Housing in Edmonton is far more affordable on a middle-class income than Vancouver or Toronto. It’s a good benchmark for what other cities should aspire to.
Lessons for other cities:
Edmonton is a good antidote to what we've called “housing nihilism,” the idea that reforms are pointless and expensive housing is just a fact of life. Many people in expensive cities like Toronto and Vancouver are so used to high rents and home ownership being out of reach that they develop a sort of learned helplessness that leads them to be pessimistic or even dismissive of housing reform.

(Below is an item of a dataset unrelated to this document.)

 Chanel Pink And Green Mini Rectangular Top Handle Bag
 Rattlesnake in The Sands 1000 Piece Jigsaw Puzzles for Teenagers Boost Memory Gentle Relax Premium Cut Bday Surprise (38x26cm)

Whenever we mention Edmonton and suggest that the housing crisis in other cities might be self-inflicted, we encounter some skepticism. Some people wonder if Edmonton is just affordable because nobody wants to live there. No, Edmonton is one of the fastest growing metro areas in the country. Granted, Toronto and Vancouver would probably have grown more than they did if not for their self-inflicted housing shortage, but Edmonton is not a Rust Belt city that's only cheap because the population is stagnating or declining.
People also wonder whether housing is cheap in Edmonton because the city is less affluent. But again, that's wrong. Alberta has some of the highest median incomes in the country, and if we adjust home prices to incomes, Edmonton does better, not worse.

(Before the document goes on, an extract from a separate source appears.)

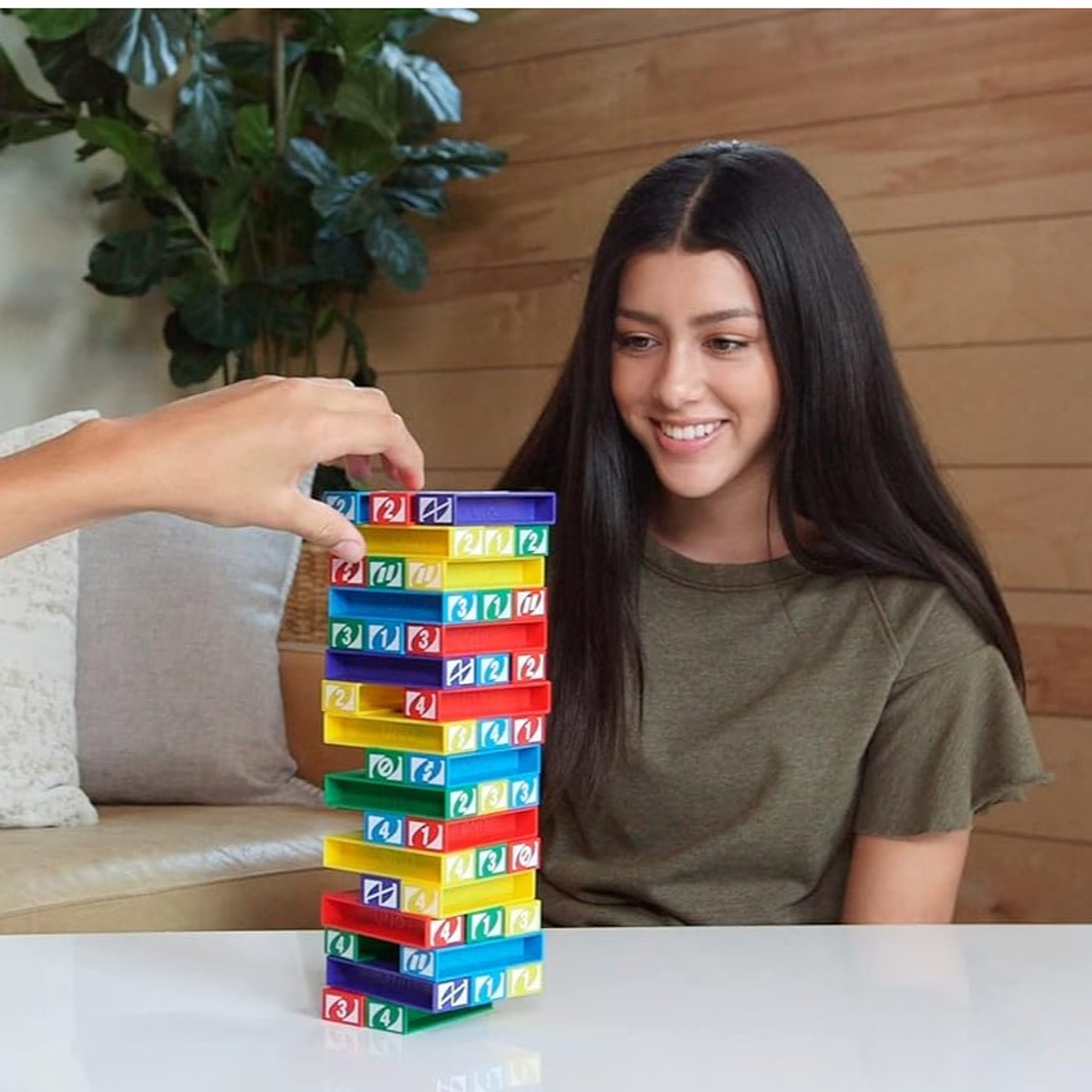 Uno Stacko Juego de Mesa Mattel Games 3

And finally, people will ask how we can possibly think that Edmonton has lessons for places like Vancouver, Sydney, San Francisco, or New York, when Edmonton is a smaller city with a lot more developable land due to a lack of mountains and water.
That one is true, but if your city has to house more people with less land, shouldn't you be significantly more open to density than Edmonton? What we have here is a midsized city on the Canadian prairies that's legalized more density by right than most bigger land-constrained cities. And from what we can tell, they have a culture among planners, council, and staff of actually wanting to see things built, instead of making symbolic reforms. If you're in a bigger, land-constrained metro area and you really want to move the needle on housing, you should go well beyond Edmonton and legalize something more like eight-story midrise apartments literally everywhere. Obviously get rid of parking mandates, too.
A quote from Jesse LaFrance, a developer in Edmonton, that sounds simply unbelievable to someone in Vancouver:
We're able to deliver housing in the same calendar year that we purchased the land. That is not possible in other jurisdictions.